# DC fishing license



## wdbrand (May 24, 2007)

Need some help here asap. Leaving for Leesylvania Marina Wed. morning and need a license. Don't even mention on-line. Need the closest bait/tackle/wallyworld place to get one. Sorry for the rush. Thought I would get one on-line, but daum nigh shot the pute over my ignorance. Thanks a ton.


----------



## Semper Fi (Nov 5, 2009)

Walmart Man goto Walmart


----------



## kanvery (Sep 3, 2008)

You actually can get one online! I did it earlier this year, unless you already tried this and for some reason they don't allow it anymore.


To purchase your 2010 DC Fishing License on line, click the link below:

https://enode.dc.gov/epermit/Page/Entry/Login.aspx

Click "Create New Account"



Fill in the information to create your account. Your password will be
e-mailed to your inbox.

Once you are logged in, click "Create New Application"



Select "2010 DC Sportfishing License" at the top of the list.

Since you registered, your information will already be filled in. 



Add your Drivers License # and Date of Birth and follow the prompts.

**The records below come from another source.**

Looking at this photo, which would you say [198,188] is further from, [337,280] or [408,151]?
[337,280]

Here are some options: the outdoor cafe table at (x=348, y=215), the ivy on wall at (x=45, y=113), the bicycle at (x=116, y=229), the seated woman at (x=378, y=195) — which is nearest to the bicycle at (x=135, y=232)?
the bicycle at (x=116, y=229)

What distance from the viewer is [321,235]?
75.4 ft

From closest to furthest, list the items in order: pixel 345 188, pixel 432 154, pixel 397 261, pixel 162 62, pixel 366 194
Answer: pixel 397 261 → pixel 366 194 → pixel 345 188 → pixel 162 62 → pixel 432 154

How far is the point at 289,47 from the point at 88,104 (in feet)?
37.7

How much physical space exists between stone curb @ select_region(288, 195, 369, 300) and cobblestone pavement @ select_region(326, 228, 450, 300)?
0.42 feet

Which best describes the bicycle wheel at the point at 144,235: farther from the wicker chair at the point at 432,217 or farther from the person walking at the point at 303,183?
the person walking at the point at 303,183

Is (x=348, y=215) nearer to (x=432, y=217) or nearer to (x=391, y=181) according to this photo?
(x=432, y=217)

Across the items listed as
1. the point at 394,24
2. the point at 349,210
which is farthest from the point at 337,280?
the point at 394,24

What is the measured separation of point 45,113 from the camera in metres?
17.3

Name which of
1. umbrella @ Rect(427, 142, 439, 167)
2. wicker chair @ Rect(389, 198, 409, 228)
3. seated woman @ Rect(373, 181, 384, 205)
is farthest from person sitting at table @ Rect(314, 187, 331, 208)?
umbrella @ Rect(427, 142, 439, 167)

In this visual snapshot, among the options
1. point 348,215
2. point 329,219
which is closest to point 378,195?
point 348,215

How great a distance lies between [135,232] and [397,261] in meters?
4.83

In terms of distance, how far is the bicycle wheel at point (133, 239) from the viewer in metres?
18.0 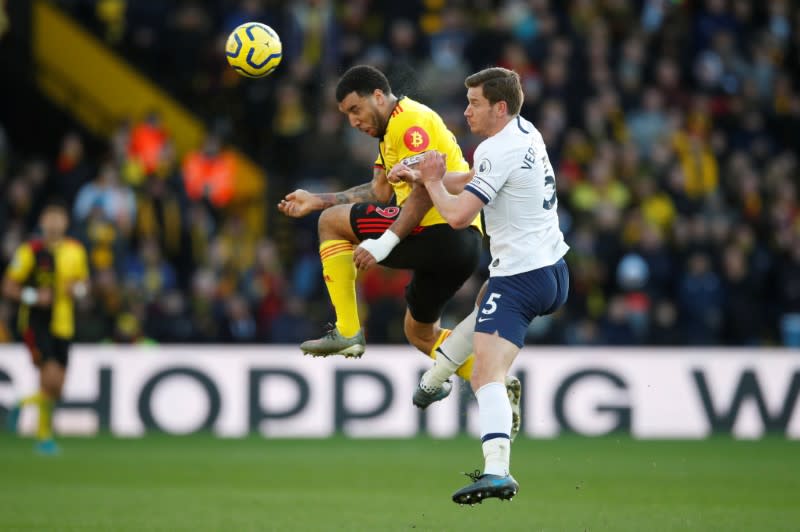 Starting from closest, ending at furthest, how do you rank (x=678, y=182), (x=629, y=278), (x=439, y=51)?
1. (x=629, y=278)
2. (x=678, y=182)
3. (x=439, y=51)

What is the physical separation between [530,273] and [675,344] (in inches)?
396

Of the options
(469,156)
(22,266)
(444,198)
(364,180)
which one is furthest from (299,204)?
(469,156)

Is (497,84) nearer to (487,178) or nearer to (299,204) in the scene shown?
(487,178)

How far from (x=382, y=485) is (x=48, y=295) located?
14.4 ft

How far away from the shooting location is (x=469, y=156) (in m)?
18.8

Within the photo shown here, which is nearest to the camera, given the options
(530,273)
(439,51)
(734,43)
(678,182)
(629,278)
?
(530,273)

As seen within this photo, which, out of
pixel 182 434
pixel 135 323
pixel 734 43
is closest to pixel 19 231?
pixel 135 323

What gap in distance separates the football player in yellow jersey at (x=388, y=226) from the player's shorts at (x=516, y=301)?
1.67ft

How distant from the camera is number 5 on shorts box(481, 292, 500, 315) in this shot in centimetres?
858

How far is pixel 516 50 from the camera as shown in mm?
20625

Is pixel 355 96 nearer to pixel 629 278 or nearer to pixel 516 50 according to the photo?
pixel 629 278

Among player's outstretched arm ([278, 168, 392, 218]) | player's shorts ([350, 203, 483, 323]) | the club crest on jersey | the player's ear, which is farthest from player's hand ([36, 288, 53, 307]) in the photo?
the player's ear

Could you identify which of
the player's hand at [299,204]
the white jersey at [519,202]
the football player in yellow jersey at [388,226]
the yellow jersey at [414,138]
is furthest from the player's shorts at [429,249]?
the white jersey at [519,202]

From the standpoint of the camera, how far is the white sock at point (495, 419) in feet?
27.6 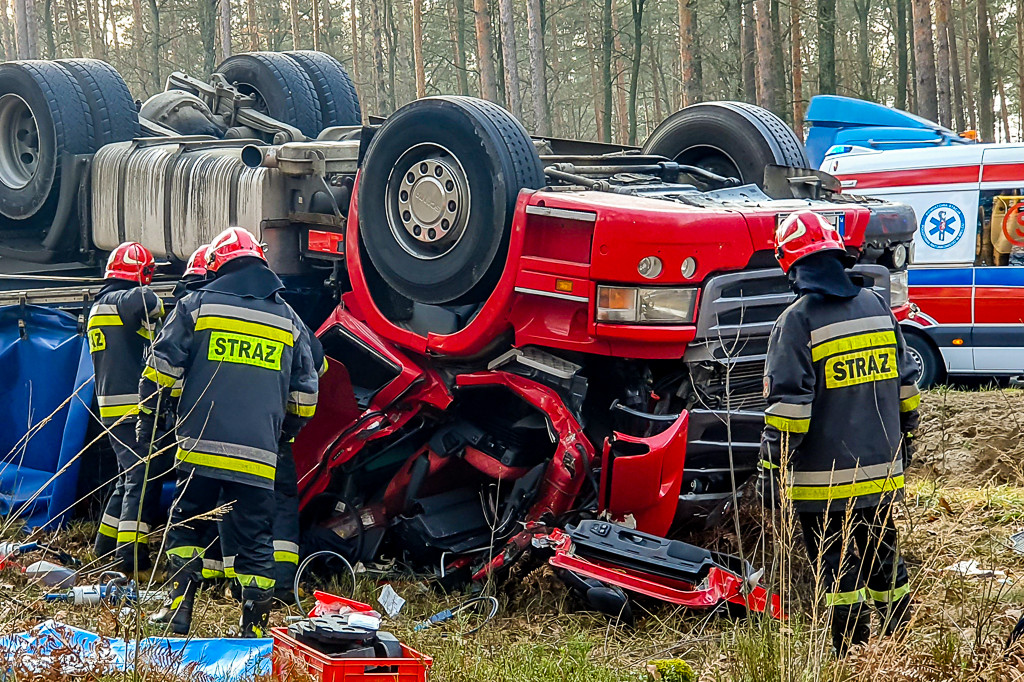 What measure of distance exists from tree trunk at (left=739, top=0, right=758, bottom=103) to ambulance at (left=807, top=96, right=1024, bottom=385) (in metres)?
10.1

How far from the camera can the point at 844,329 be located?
383cm

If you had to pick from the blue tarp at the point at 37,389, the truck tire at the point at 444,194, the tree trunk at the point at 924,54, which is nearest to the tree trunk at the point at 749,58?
the tree trunk at the point at 924,54

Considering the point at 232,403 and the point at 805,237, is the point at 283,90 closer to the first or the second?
the point at 232,403

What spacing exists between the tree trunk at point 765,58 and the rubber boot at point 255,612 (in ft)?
45.7

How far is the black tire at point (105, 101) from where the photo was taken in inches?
268

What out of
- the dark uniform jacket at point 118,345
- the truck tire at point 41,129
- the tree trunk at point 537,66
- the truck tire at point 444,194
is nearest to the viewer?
the truck tire at point 444,194

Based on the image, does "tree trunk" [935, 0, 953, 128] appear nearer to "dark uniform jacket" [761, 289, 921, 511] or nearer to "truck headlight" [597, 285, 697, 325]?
"truck headlight" [597, 285, 697, 325]

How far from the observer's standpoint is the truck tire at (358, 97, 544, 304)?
15.1 ft

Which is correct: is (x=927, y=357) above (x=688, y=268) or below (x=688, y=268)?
below

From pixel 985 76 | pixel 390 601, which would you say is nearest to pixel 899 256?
pixel 390 601

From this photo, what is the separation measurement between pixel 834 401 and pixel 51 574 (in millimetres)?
3283

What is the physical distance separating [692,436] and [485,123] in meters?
1.54

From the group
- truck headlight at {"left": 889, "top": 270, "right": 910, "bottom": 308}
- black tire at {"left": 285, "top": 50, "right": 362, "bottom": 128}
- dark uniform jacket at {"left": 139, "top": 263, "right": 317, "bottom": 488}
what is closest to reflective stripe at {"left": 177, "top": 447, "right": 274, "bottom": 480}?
dark uniform jacket at {"left": 139, "top": 263, "right": 317, "bottom": 488}

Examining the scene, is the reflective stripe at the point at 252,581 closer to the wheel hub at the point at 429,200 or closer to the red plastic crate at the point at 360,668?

Pay with your credit card, print out your license, GO FISH!!!


----------



## wdbrand (May 24, 2007)

*Thanks.*

The one in Woodbridge seems the closest. I called and couldn't half understand what she was saying, but think she said they sold them. Will check there first unless I find a bait/tackle shop closer that sells them. That's from Leesylvania Marina.


----------



## CrappieKid (Jan 21, 2008)

wall mart does not sail dc ..wher r u fishing?u mite not need dc...


----------



## notso (Jul 18, 2005)

wdbrand said:


> I called and couldn't half understand what she was saying, QUOTE]
> 
> Does this supprise anyone that knows WD?....
> Just messin' with ya buddy.


----------



## wdbrand (May 24, 2007)

*Good one*

Charlie. I owe you one. And the truth do hurt. Again, had that one coming.


----------



## wdbrand (May 24, 2007)

*Ck,*

should be way south of where it's needed, but won't take a chance.


----------